Zeiss microscope experts Dr Thomas Kalkbrenner, Dr Jörg Siebenmorgen, and Ralf Wolleschensky have been awarded the German President’s Federal Award for Technology and Innovation for their contribution in the development of the microscope system, Zeiss Lattice Lightsheet 7.

The award, presented by Frank-Walter Steinmeier, President of Germany, honours scientists for exceptional achievements in technology, engineering and the life sciences that present a clear and recognisable benefit for society, the environment, and the economy.

It has a cash value of €250,000.

The Lattice Lightsheet 7 enables, for the first time, biomedical researchers to observe living cells live and in 3D for hours or even days. 

It can be used to study, for example, how cells react to certain active agents, or what happens when viruses or bacteria enter cells. 

The problem for researchers studying living cells with fluorescence microscopes used to be the illumination: the intensities of the laser radiation used are higher than those of the sun by a factor of 1,000 or more. This intense illumination can permanently damage living cells. 

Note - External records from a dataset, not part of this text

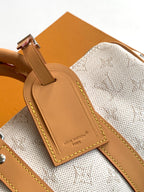 Louis Vuitton leather luggage tag-style patch on light fabric strap with tan edging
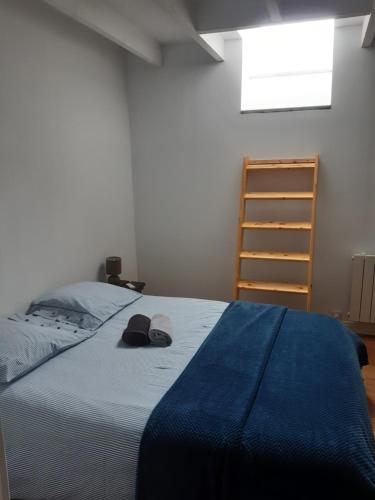 1 dormitorio con 1 cama con manta azul y sombrero en Les Greniers De Blanche, en Le Vivier-sur-Mer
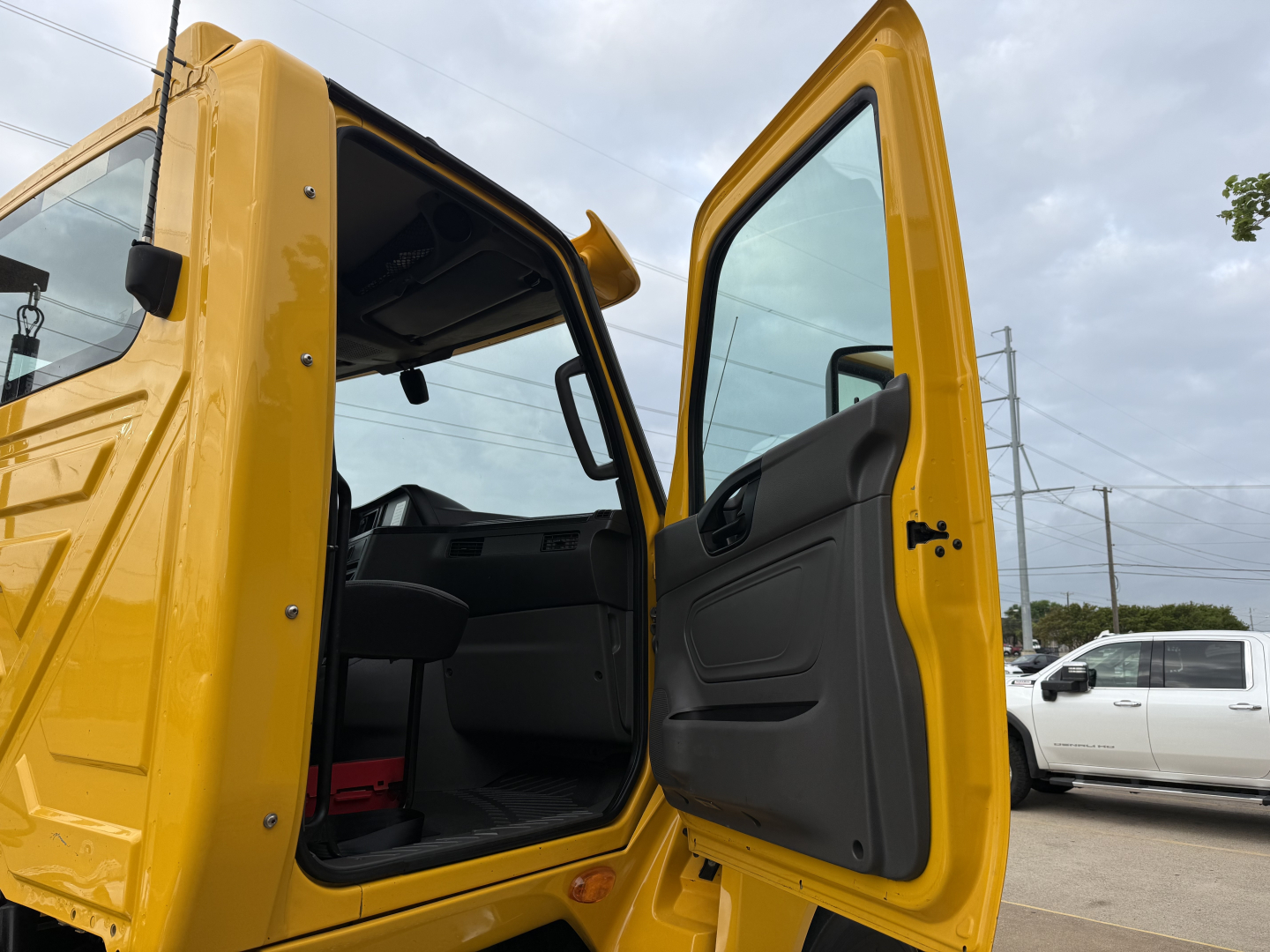 Truck cab interior and entry door of a yellow 2019 International LT Conventional Daycab showing open doors and cabin area.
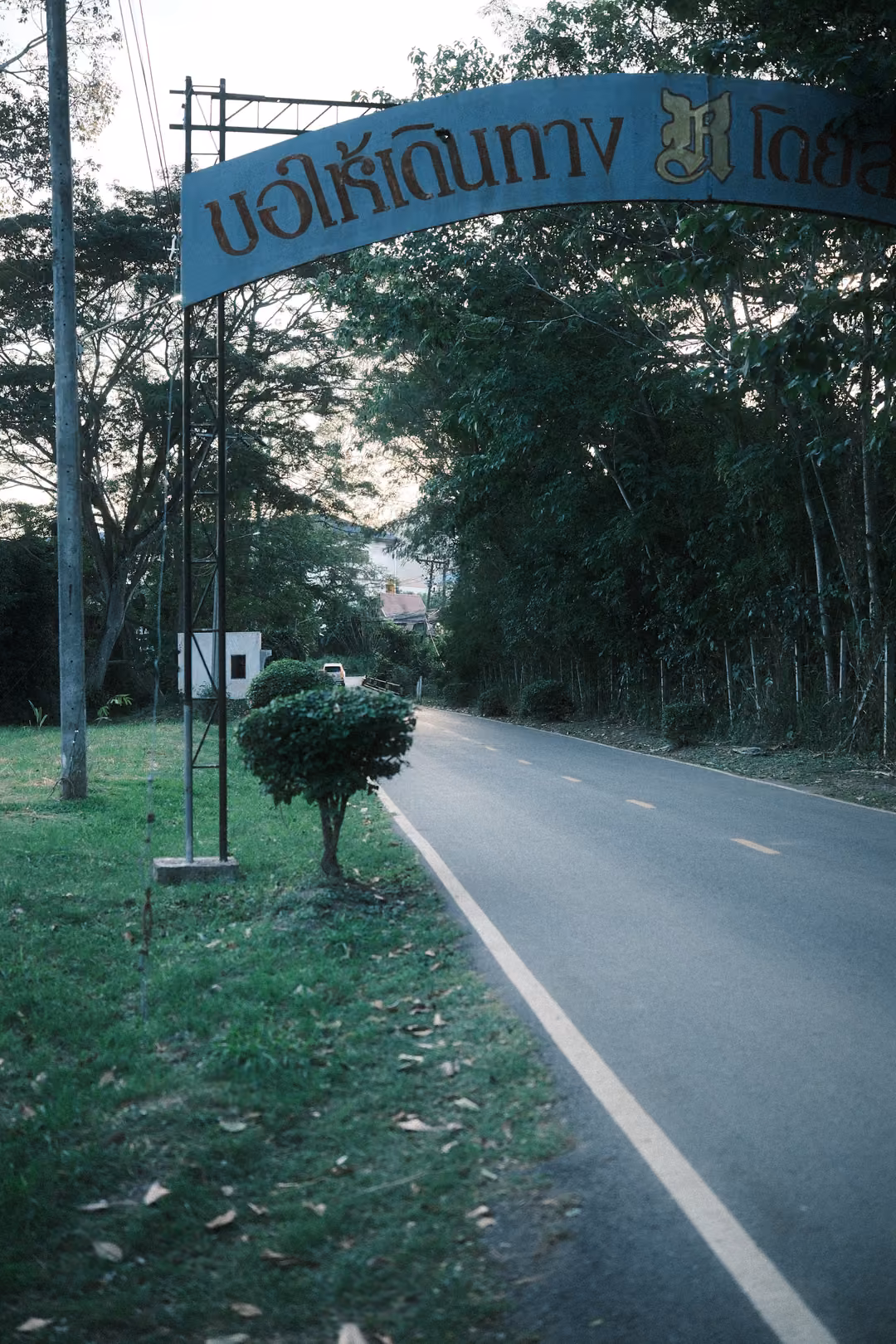 Blue arched roadside sign with Thai text over a grassy verge, a road with white lines leading into trees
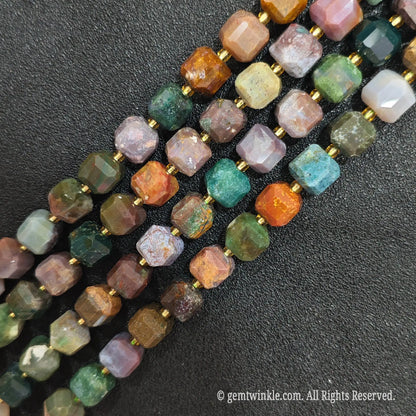 Multiple parallel strands of natural polychrome ocean jasper soft-tumbled cube beads viewed from distance[cite: 8]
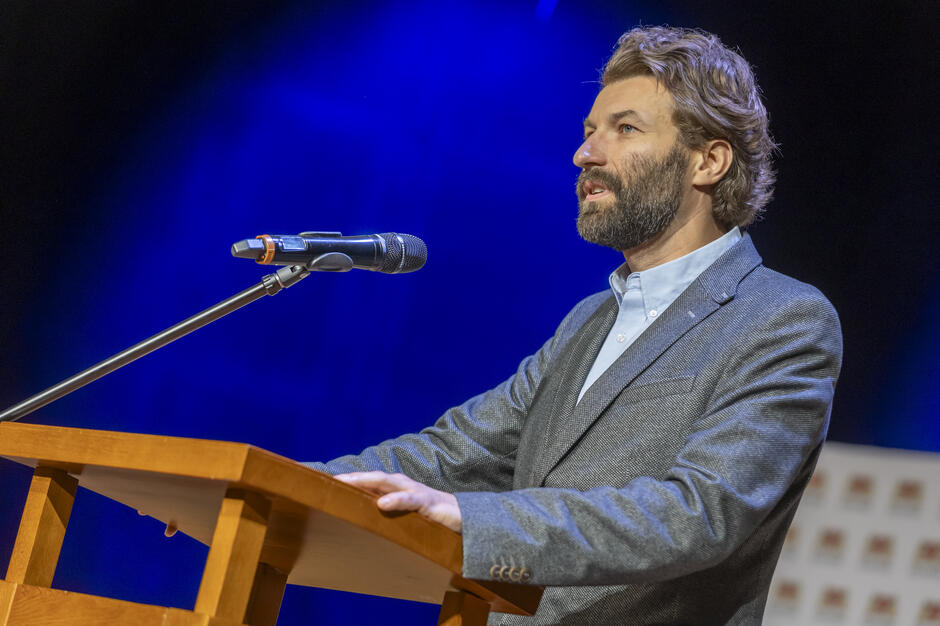 Na zdjęciu widać mężczyznę przemawiającego z mównicy, stojącego przy mikrofonie na oświetlonej, niebieskim światłem scenie. Ubrany w elegancką marynarkę i koszulę, mówi z zaangażowaniem, spoglądając w kierunku publiczności. 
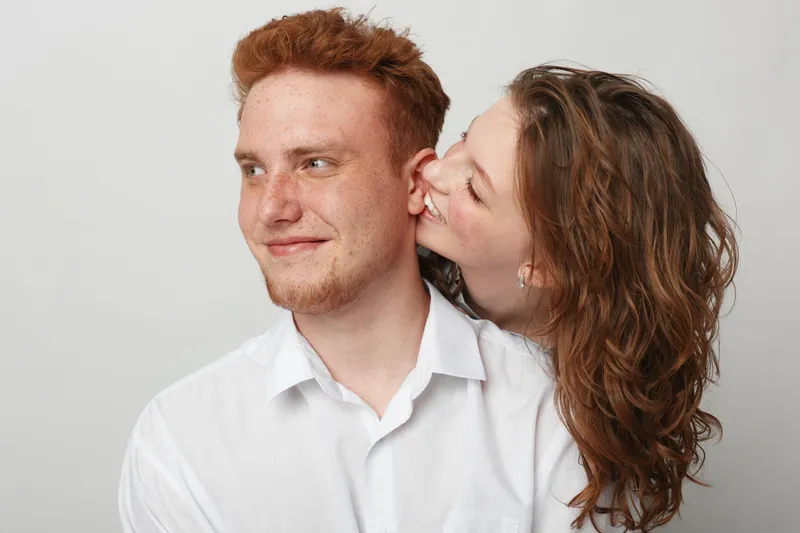 Young couple in white shirts share a tender moment, woman whispering in man’s ear. Studio portrait on light background. Concept of love, intimacy, and affection between partners.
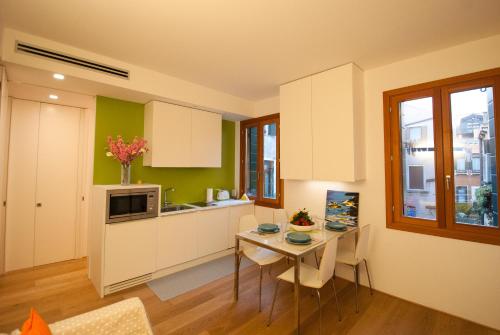 a kitchen with a table with chairs and a microwave at Ca' Venissa in Venice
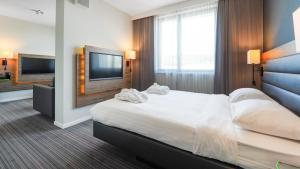 Postel nebo postele na pokoji v ubytování X Hotel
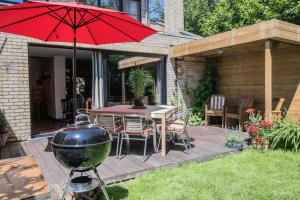 un patio con barbecue e tavolo con griglia di Holiday home Keysersnest a Gistel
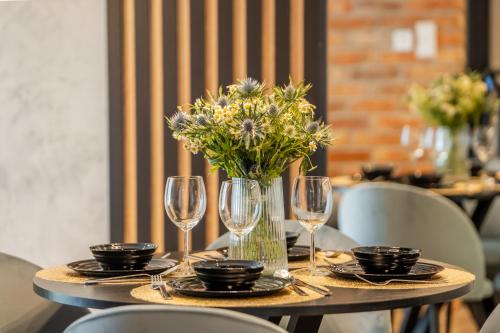 stół ze szklankami i wazonem z kwiatami na nim w obiekcie Seaside Loft B009 ze SPA- Posesja Plażowa - Holiday City w Grzybowie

A significant reduction in this photo damage is achieved with light sheet microscopy: unlike all other microscopes, the laser beam – in the form of a light sheet – is applied only in the area of the sample that is in the focus of the objective lens.

To do this, the team had to tame the laser in a special way and completely rearrange the objective lenses because the cells grow on the cover slips in culture vessels like Petri dishes or multiwell plates. 

They developed a completely new type of microscope optic that enables a person to look through the sample vessels ‒ at an angle and from below ‒ at the cells inside without artefacts. All this has been developed into an easy-to-use, compact system with high potential for automation.